The survey, released by the University of Calgary Coalition for Reinvestment, found that Calgarians rank post-secondary education third in spending priorities after health care and K-12 education; 76 per cent believe that "the cost of tuition prevents many potential students from attending the U of C" and 89 per cent believe the province should spend some of its surplus on post-secondary education.
"There wasn’t much variance in the numbers between U of C stakeholders and non U of C stakeholders," said Students’ Union President Rob South about the surplus funding numbers. "I think it shows public support for issues we are trying to raise. It shows to this province that there’s lot of public support for reinvesting in universities, and I think this is an issue they’ve been all too willing to ignore."

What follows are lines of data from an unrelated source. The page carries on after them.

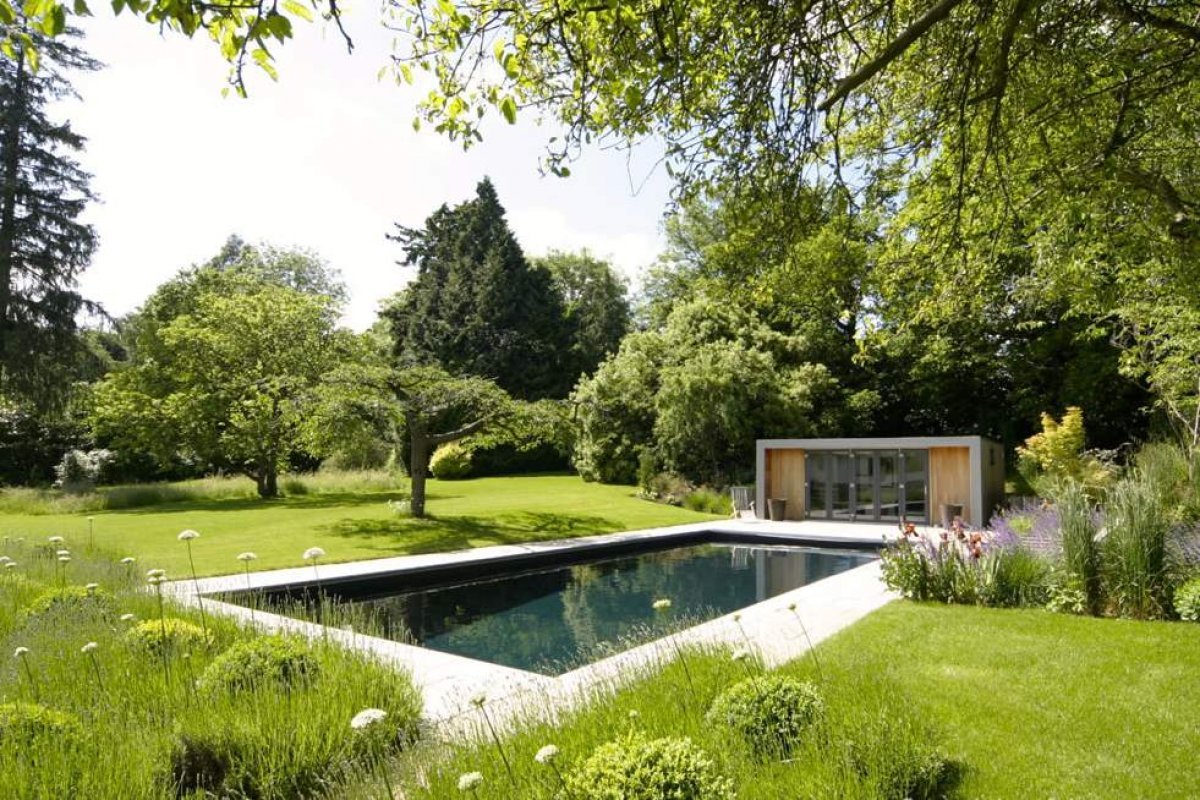 bazén v modernej záhrade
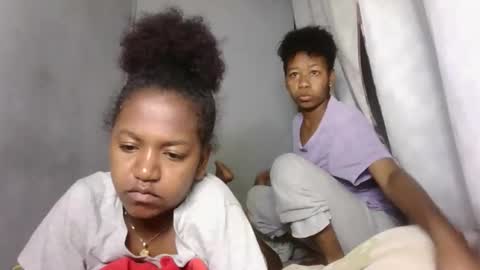 annick98 online show from 23, 2, 2026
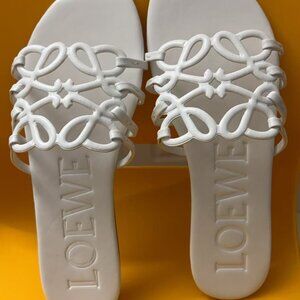 Leather sliders Petal Anagram Loewe Soft calfskin flip-flops with an anagram ne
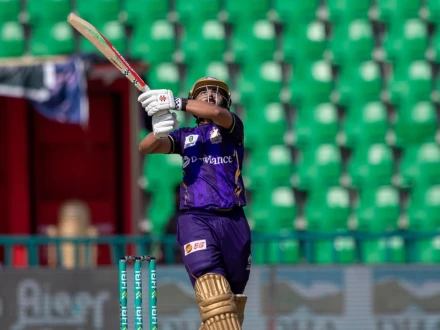 پی ایس ایل 11: کوئٹہ گلیڈی ایٹرز کی حیدرآباد کنگز مین کیخلاف بیٹنگ چاری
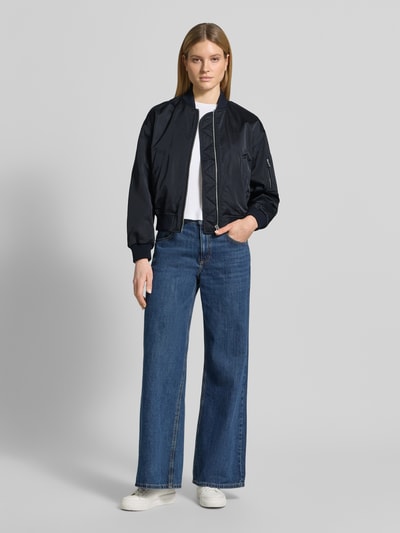 Vrouwenmodel draagt Regular Fit blouson met college-kraag van Marc O'Polo, look: effen, satijn, waterafstotend, twill, steekzakken, ritszak, lange mouw, geribd, voorkant, full body shot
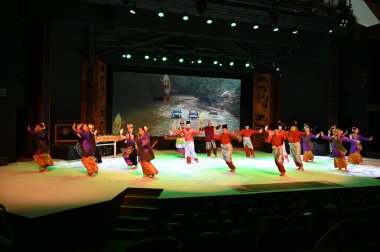Kuching, Sarawak Malezya - 1 Mayıs 2022: Çeşitlendirilmiş Aborjin ve Yerlilerin Gösterisiyle Saray Kültür Köyü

The survey, correct to within plus or minus six per cent 19 times out of 20, was commissioned by CORE, a joint lobby effort between seven university groups: administration; the Students’ Union; the Senate; the faculty association; the Graduate Students’ Association; the Alumni Association and AUPE.
"We felt that we have to have the public onside with us in our attempts to increase base funding to the university," said CORE member and Chair of Local 52, AUPE, Dan Tilleman. "Before we started, we wanted to see if the public was sympathetic with our cause."
Despite all the positive feedback, one response did worry South.
"The majority of Calgarians [61 per cent] thought that it was acceptable for university students to have some level of debt upon graduation," he said. "But there’s no qualifier about the amount of debt."
A copy of the survey was sent to both Premier Ralph Klein and Minister of Learning Lyle Oberg.
"It’s basically to prove to them that we are open about what’s going on," said Tilleman. "We didn’t want to be left open to criticism that we were only releasing select figures that were in our favour."
"The minister is aware of the CORE survey," said Alberta Learning Spokesperson Ed Greenberg. "He’s certainly seen the results. It was information he appreciated receiving, but the process, in terms of addressing the concerns, had started weeks ago."
The survey results come out right before the provincial government unveils its budget on Feb. 24. South was unconcerned with the possible bad timing.
"The provincial government, over the past several years, particularly with the growth of surpluses, has been willing to declare increases in funding at any part of the year as opposed to holding off until the budget," he said. "So there’s no reason we won’t get money declared for the next provincial budget."